Ginger Vieira was diagnosed with type 1 diabetes when she was 13, celiac disease a year later, and fibromyalgia in 2014. Ginger provides great insights into life with multiple chronic illnesses, including how to make the most of your life despite your health setbacks.

Sometimes it's easy to forget that the insulin we're prescribed is not the same as the insulin our bodies make (or don't make, for that matter). These manufactured insulins are great; they help us live longer, healthier lives with diabetes. But they are chemicals, and they are all very different.

In fact, some types of insulin work really well for some people and not so well for other people, just as one type of pain reliever might work well for one person but not as well for another person. Our bodies react differently to different chemicals.

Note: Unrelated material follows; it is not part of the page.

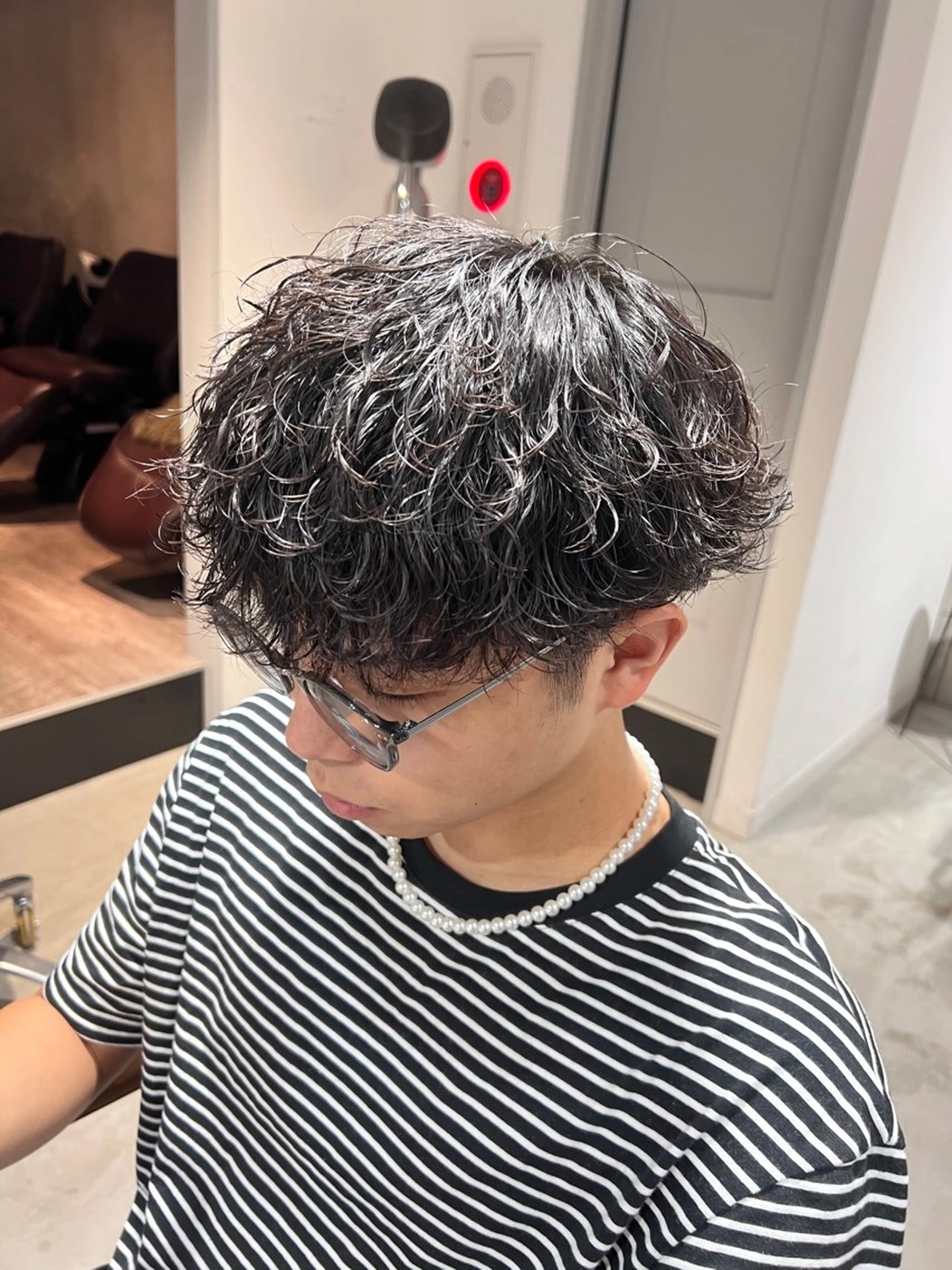 ショート パーマ メンズ メンズパーマ ツイストスパイラルパーマ 波巻きパーマ スパイラルパーマ カット パーマ メンズカットパーマ ✂️ JOYAのヘアスタイル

And that's why it's important to know your options and try different options with your doctor's help if you're having trouble controlling your blood sugar levels.

Here are the basic insulin options available today:

Regular. Also known as "Humilin R" or "Novolin R," this is a "short-acting" insulin. According to the American Diabetes Association, it "usually reaches the bloodstream within 30 minutes after injection, peaks anywhere from two to three hours after injection, and is effective for approximately three to six hours." This insulin isn't used as widely today because it's considered a "fast-acting" insulin, but isn't nearly as fast as the newer types of insulin available today. This insulin is also often paired with NPH insulin.

NPH. This "intermediate-acting" insulin serves as a background, or basal, insulin. The ADA says it "generally reaches the bloodstream about 2 to 4 hours after injection, peaks 4 to 12 hours later, and is effective for about 12 to 18 hours." This insulin helps control your blood sugar both between and during meals, but requires a more consistent eating schedule because its peaks can be fairly significant, dropping your blood sugar if you don't eat regularly.

Novolog or Humalog or Apidra. These are "fast" or "rapid-acting" insulins taken before meals or to correct high blood sugars. Often paired with a background insulin like NPH or Lantus or Levemir (see below), these insulins start working in the bloodstream within 15 minutes and stay in the bloodstream for two to four hours. For people with type 1 diabetes, they must be paired with a background insulin, and the same is true for some people with type 2 diabetes. These rapid-acting insulins are appreciated for better prevention of post-meal high blood sugars.

Lantus or Levemir. These are "long-acting" insulins because they stay in the bloodstream for 18 to 24 hours and are meant to keep the blood sugar steady, in contrast to the fast-acting insulin used at meal times. Doses can be split into two doses taken 12 hours apart or taken all at once depending on your doctor's recommendations.

If you're currently on an insulin regimen that doesn't seem to be keeping your blood sugars in the range you'd like them to be, talk to your doctor about fine-tuning your dosages or trying a new type of insulin. All insulin doses need to be adjusted and fine-tuned throughout life!